Nah, ketika Anda memiliki ambisi menjadi penguasa maka mengangkat martabat rakyat jelata harus menjadi tujuan utama. Jika itu menjadi tujuan, maka perilaku Anda pun akan mengarah ke sana.
Penguasa _di tingkat apa pun_ memiliki martabat melebihi yang lain. Tapi, bukan berarti harus merendahkan yang lain.
Nah, itu poinnya. Jika terbersit dalam pikiran Anda untuk merendahkan rakyat jelata maka tidak usah berharap agar mendapatkan dukungan untuk menjadi penguasa. Orang yang menganggap rendah orang lain maka dia akan bersikap "merendahkan".

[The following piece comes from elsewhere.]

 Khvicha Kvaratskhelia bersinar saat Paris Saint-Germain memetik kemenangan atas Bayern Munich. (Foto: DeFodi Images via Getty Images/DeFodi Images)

Tidak menghargai manusia lain selayaknya manusia, tidak akan sanggup bertahan lama sebagai penguasa. Bukankah rakyat kebanyakan adalah pendukung setia Anda? Kalau mereka tidak dihargai, jangan salahkan mereka tidak menghargai Anda pula.
Menghargai rakyat jelata sebagaimana manusia, tidak akan menganggapnya lebih rendah dari diri si penguasa. Misalkan, pendidikan kebanyakan orang jauh lebih rendah dari si penguasa bukan berarti kata-katanya tidak punya makna. Toh, rakyat jelata juga punya cara untuk menentukan hidupnya meskipun berbeda cara.
Pengalaman dan pengetahuan manusia bisa menjadi pelajaran berharga. Walaupun pendidikan atau kekayaan jauh lebih rendah dari penguasa, tetapi rakyat jelata sebenarnya punya hasrat untuk hidup lebih tertata. Semua orang punya "konsep" bagaimana mengatur negara walaupun dengan bahasa yang berbeda.
Tidaklah heran jika ada yang sanggup bertahan hidup diperintah secara otoriter. Atau sebaliknya, ada yang lebih nyaman hidup dengan cara demokratis. Itu semata-mata karena alasan praktis ... bukan teoritis.
Tidaklah heran jika ada raja yang tetap bertahan hingga beberapa keturunan. Tapi, pejabat yang dipilih secara demokratis bisa tumbang dalam waktu singkat karena minim dukungan.